Work item: In the records below, the relevant part opens with the line containing "直立系。カウベル コートハンガー -Cowbell" and closes with the line containing "Best Choice Mini"; print that part exactly and only, without its pictures.

The input:

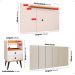 Kit 2 Mesinhas Dream Retrô Cabeceira Suspensa Júlia Cama Box Queen Size 1,60 Suede Painel Samba Texas Tv 48 Polegadas Off White/Cinamomo - Lojas RPM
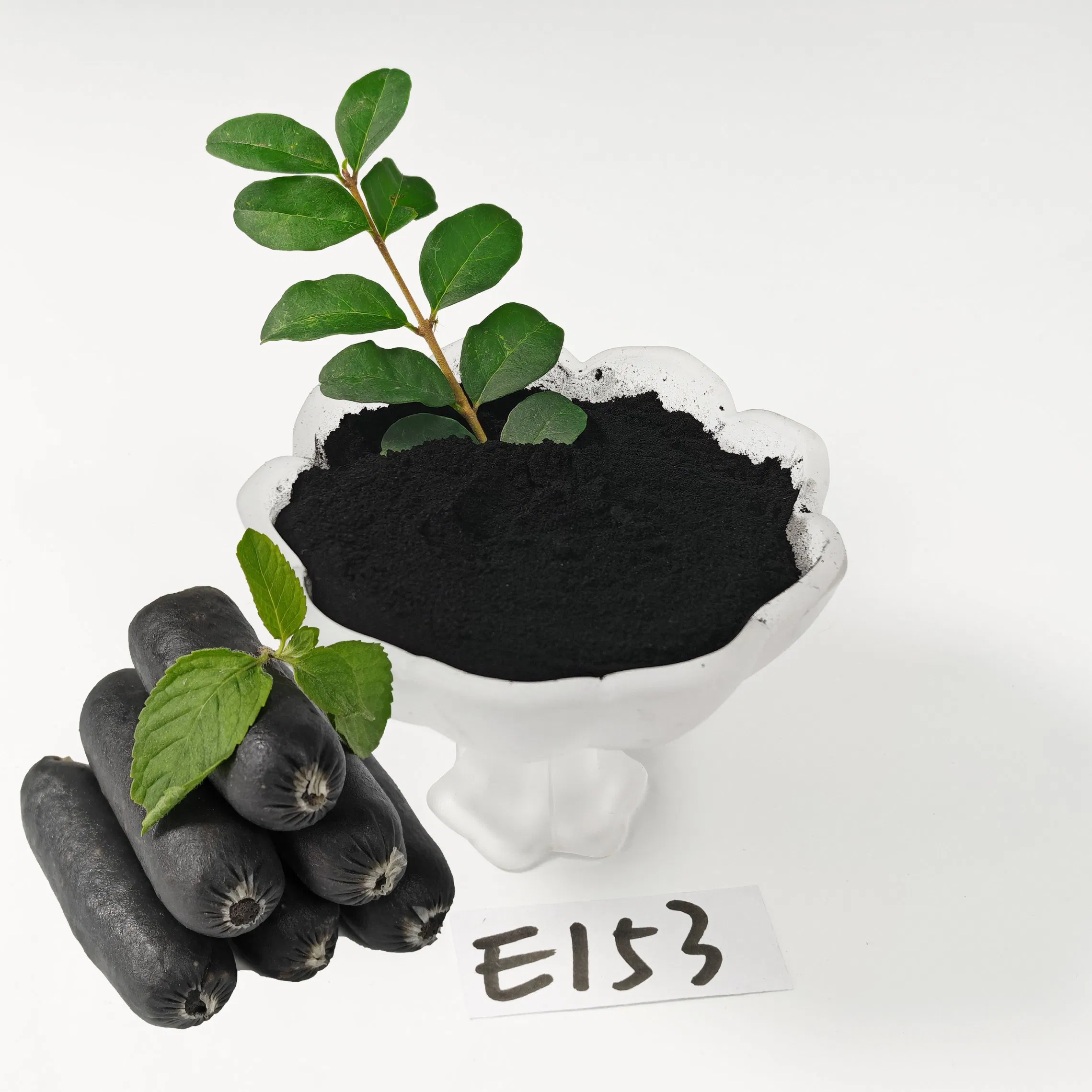 Corante Alimentar Natural de Carbono Vegetal Preto Certificado Halal para Tripas de Colágeno 100%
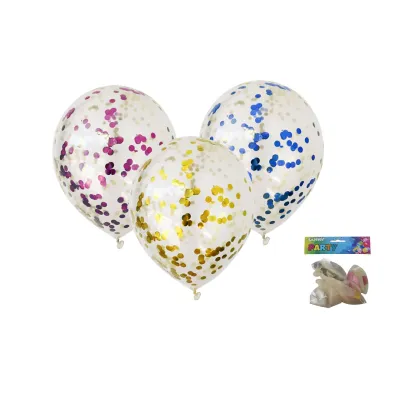 Balóny s konfetami 30cm/5ks
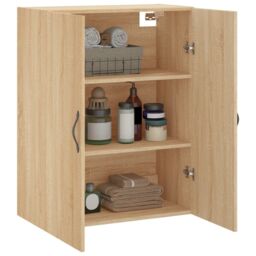 Berkfield Home Wall Mounted Cabinet Sonoma Oak 69.5x34x90 cm Engineered Wood in Brown - thumbnail 5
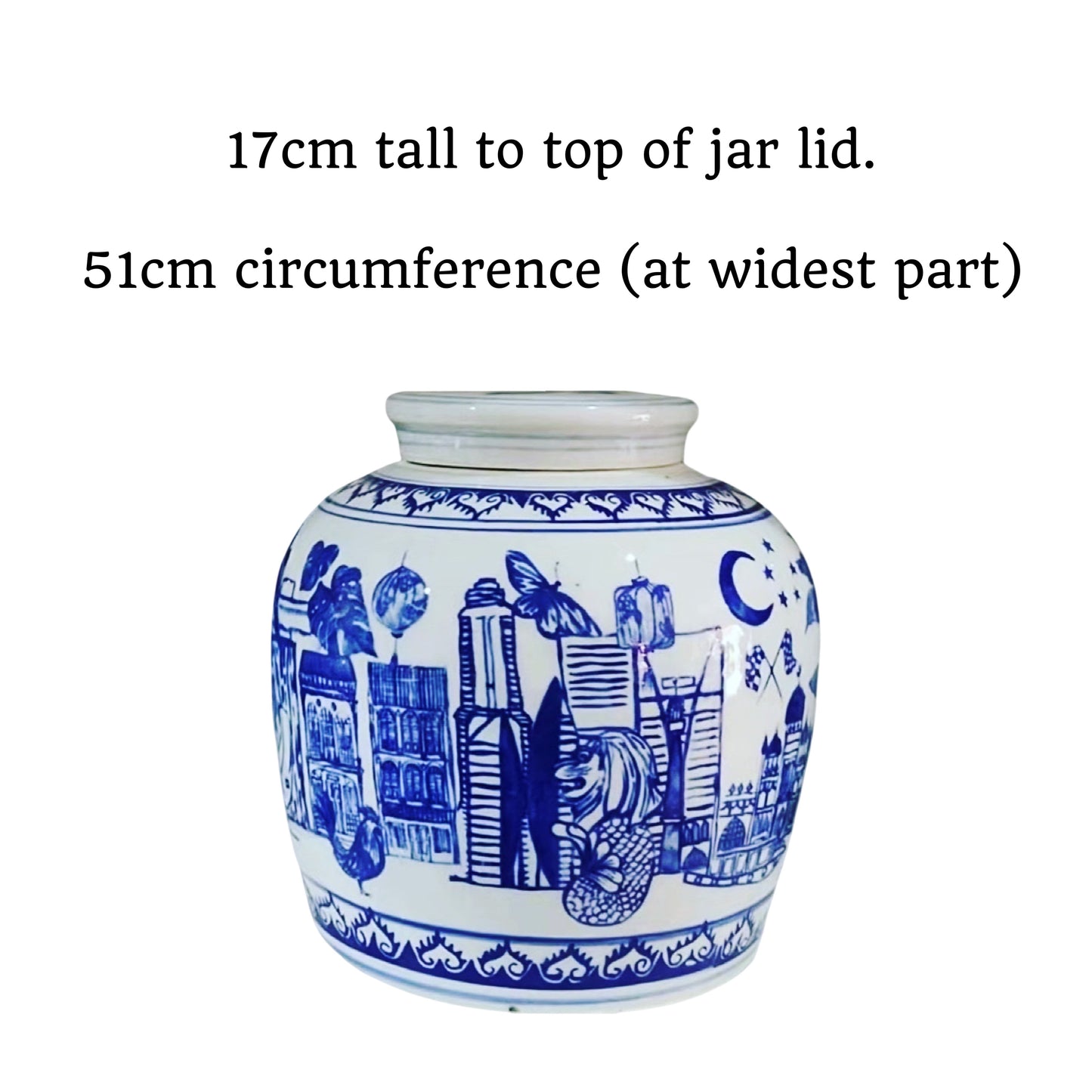 ‘Singapore Celebration' Ginger Jar Mini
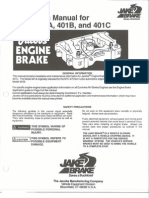 Installation Manual For Model 401A 401B 401C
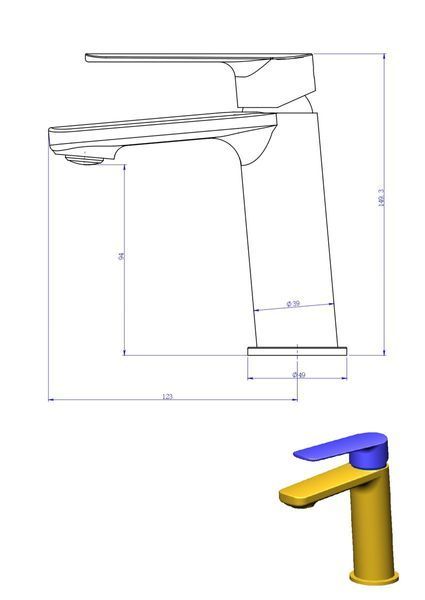Смеситель для раковины Perla Jack белый (PBZ6303W) фото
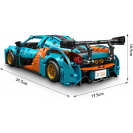 Mould King 13174 R/C Športový automobil P1-GTR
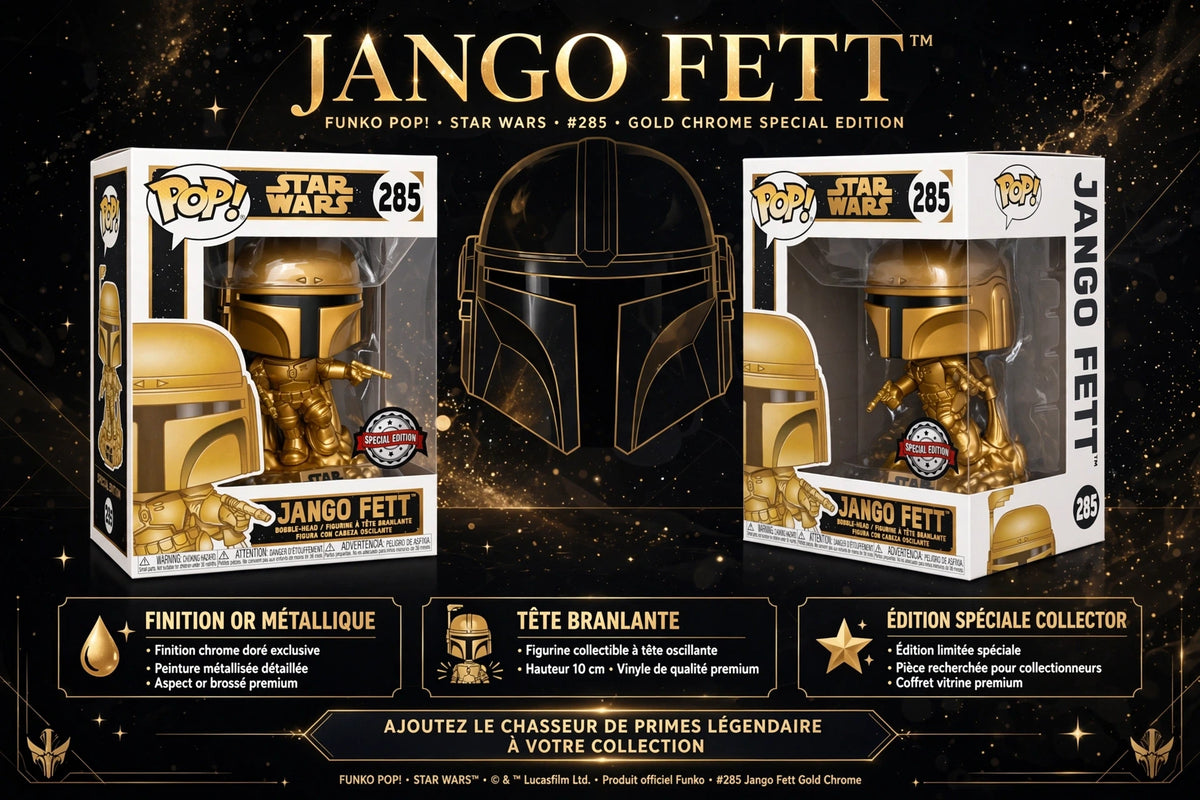 Funko Pop Star Wars – Jango Fett Gold Chrome #285 | Special Edition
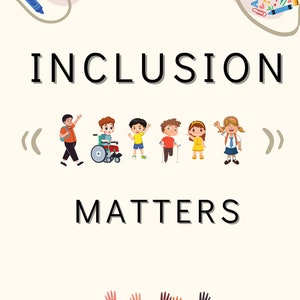 Special Education Teacher Poster for Classroom Poster for Special Education Inclusion Poster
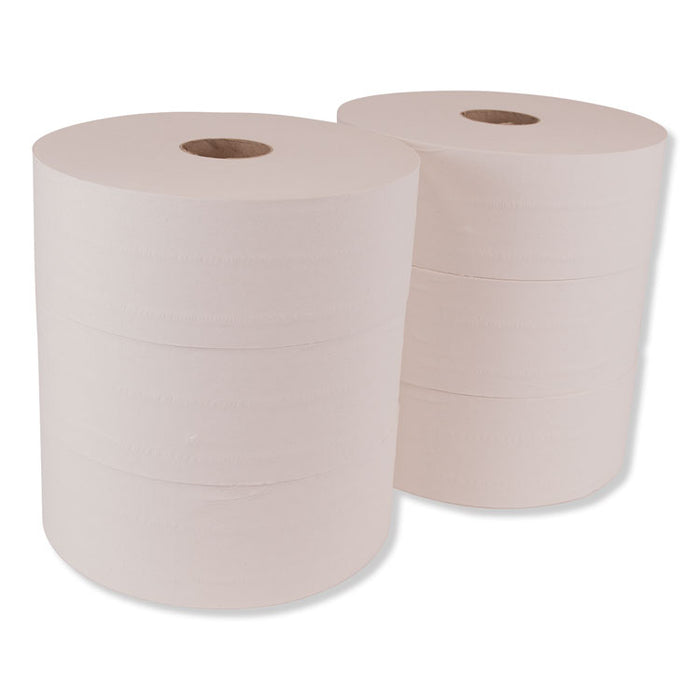 Advanced Jumbo Roll Bath Tissue, Septic Safe, 1-Ply, White, 3.48" x 2247 ft, 6 Rolls/Carton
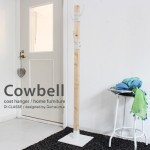 直立系。カウベル コートハンガー -Cowbell coat_hanger-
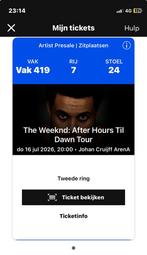 The weeknd ticket te koop!!, Tickets en Kaartjes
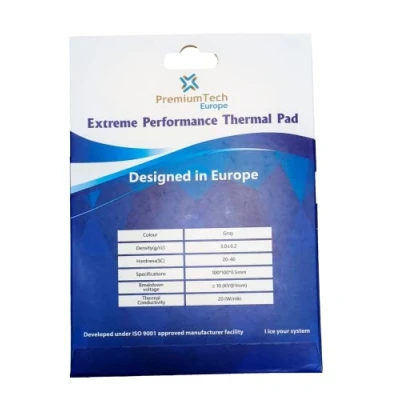 Afbeelding van PremiumTech Professionele thermische pad met extreme prestaties 20 W/MK warmtegeleiding, ideaal voor high end GPU of CPU, maat XXL 100 x cm (0,5 mm)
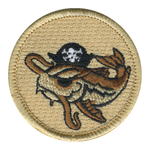 Scurvy Catfish Patrol Patch - embroidered 2 in round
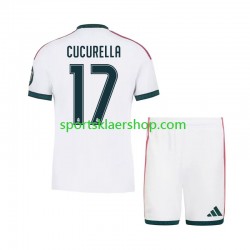 Real Madrid drakt Marc Cucurella 17 Hjemmetrøye Kort erm 2026-2027 , Barnesett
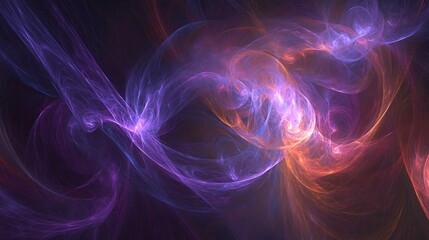 Fototapeta premium Abstract cosmic swirls, energy flow, nebula background, design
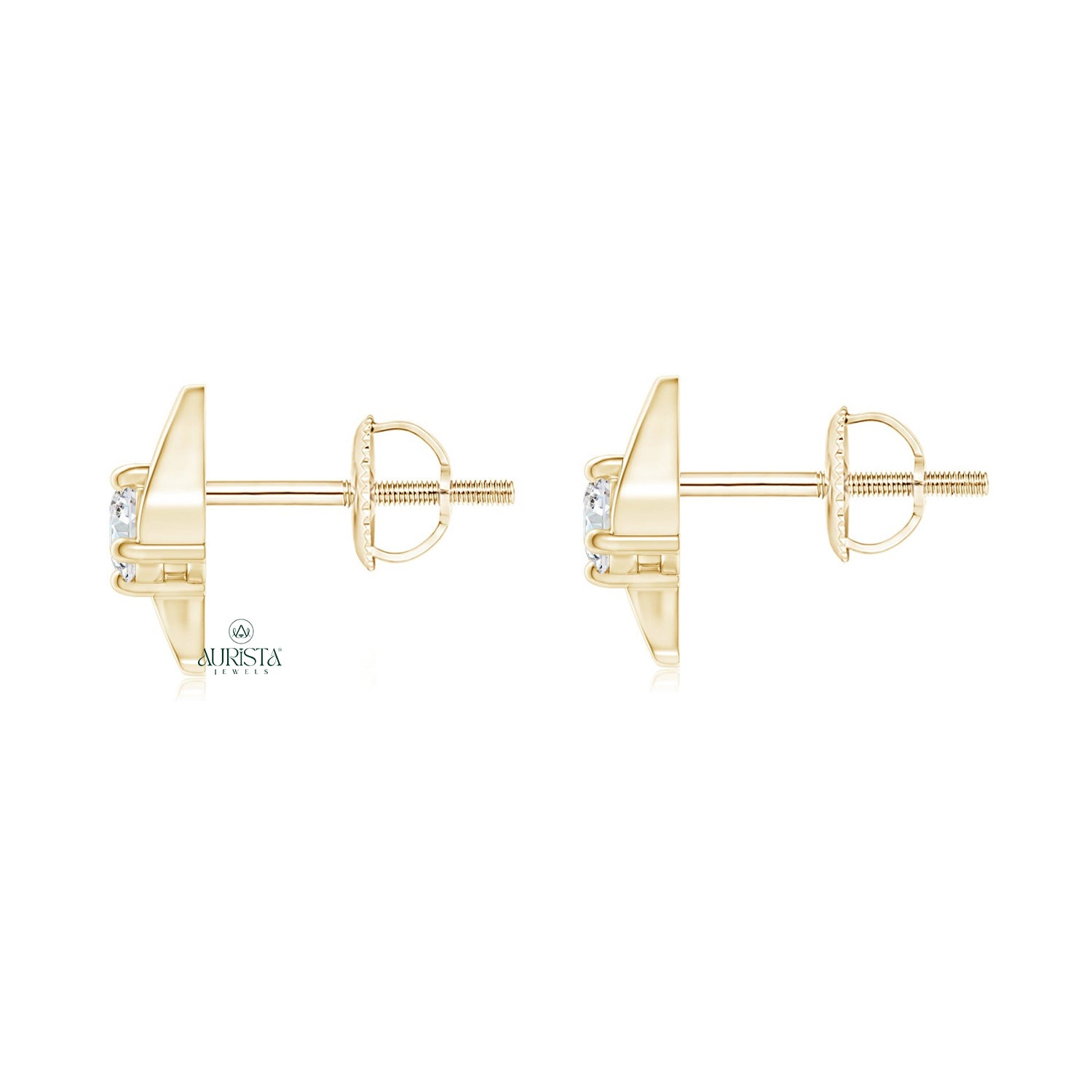 Designer Earrings with Brilliant Diamond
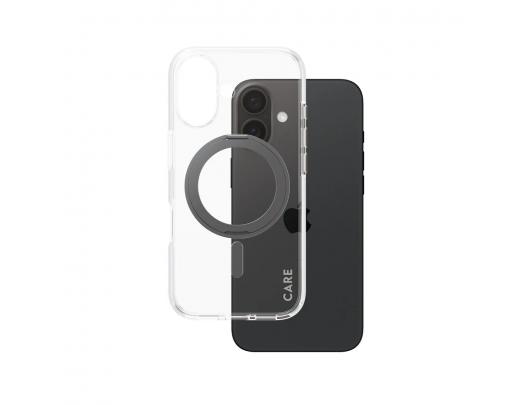 Dėklas CARE Apple iPhone 16 Perdirbtas plastikas Skaidri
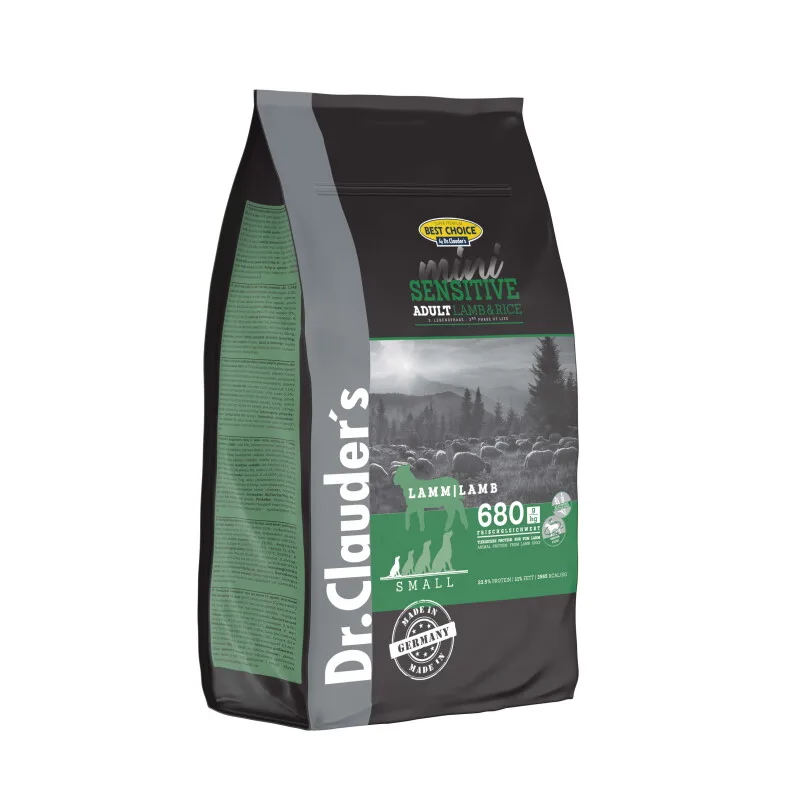 Best Choice Mini Adult Lamm & Reis 2x2 kg de Dr. Clauder's en Regular – photo produit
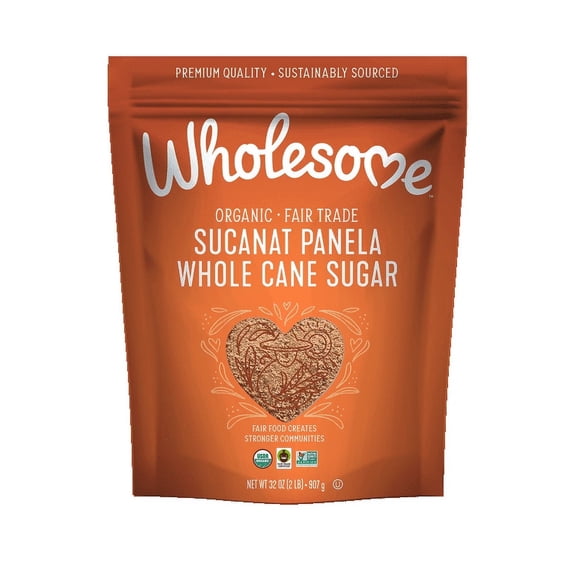 Wholesome Sweeteners, Organic Sucanat, Whole Cane Sugar, 2 lb (907 g) Pack of 2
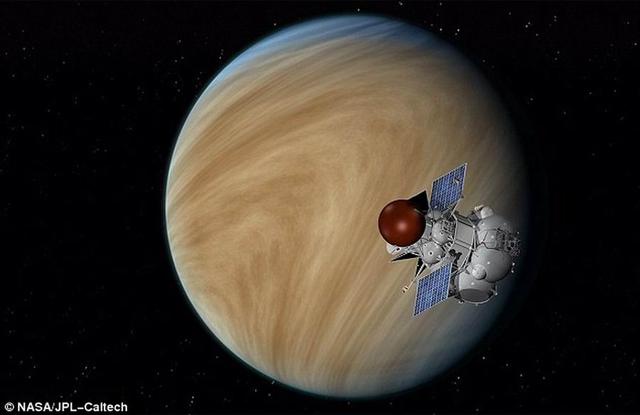 金星探测器简笔画图片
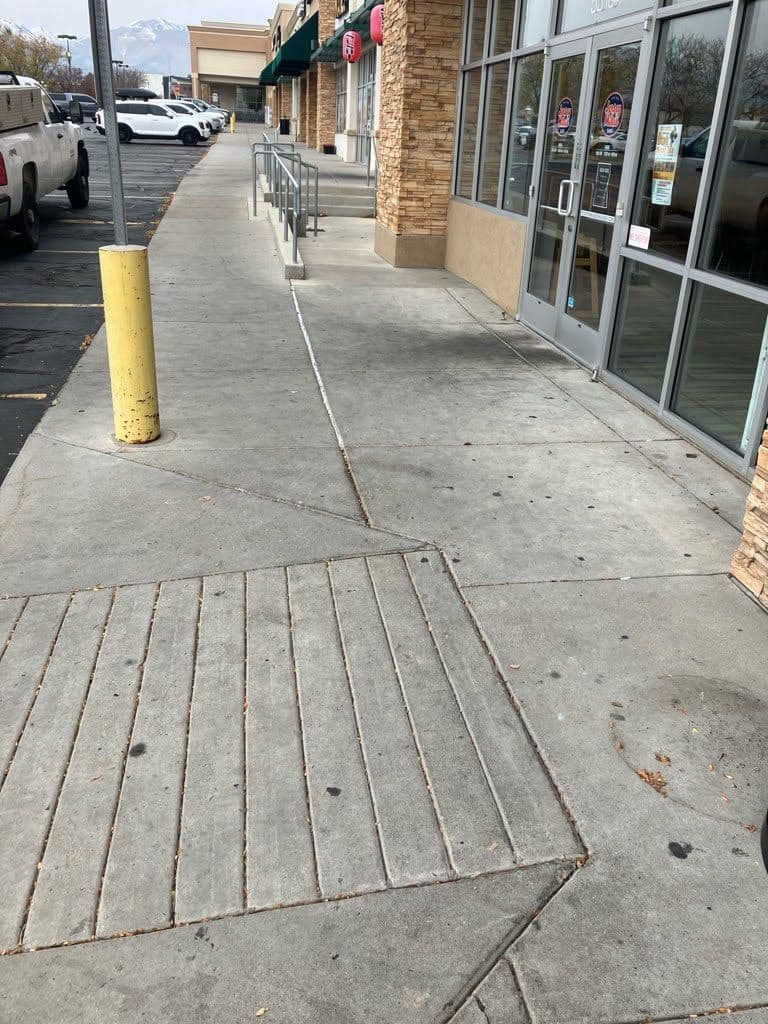 Gallery photos for Stunning Sidewalk Makeover at Jersey Mike's: Image #3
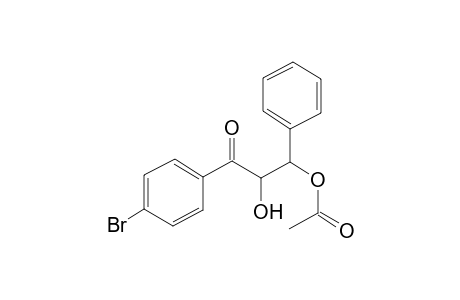 2-Hydroxy-2-(p-bromobenzoyl)-1-phenylethyl acetate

Task response:
 直立系。カウベル コートハンガー -Cowbell coat_hanger-
 The weeknd ticket te koop!!, Tickets en Kaartjes
 Afbeelding van PremiumTech Professionele thermische pad met extreme prestaties 20 W/MK warmtegeleiding, ideaal voor high end GPU of CPU, maat XXL 100 x cm (0,5 mm)
 Scurvy Catfish Patrol Patch - embroidered 2 in round
 Real Madrid drakt Marc Cucurella 17 Hjemmetrøye Kort erm 2026-2027 , Barnesett
 Fototapeta premium Abstract cosmic swirls, energy flow, nebula background, design
 Designer Earrings with Brilliant Diamond
 Dėklas CARE Apple iPhone 16 Perdirbtas plastikas Skaidri
 Best Choice Mini Adult Lamm & Reis 2x2 kg de Dr. Clauder's en Regular – photo produit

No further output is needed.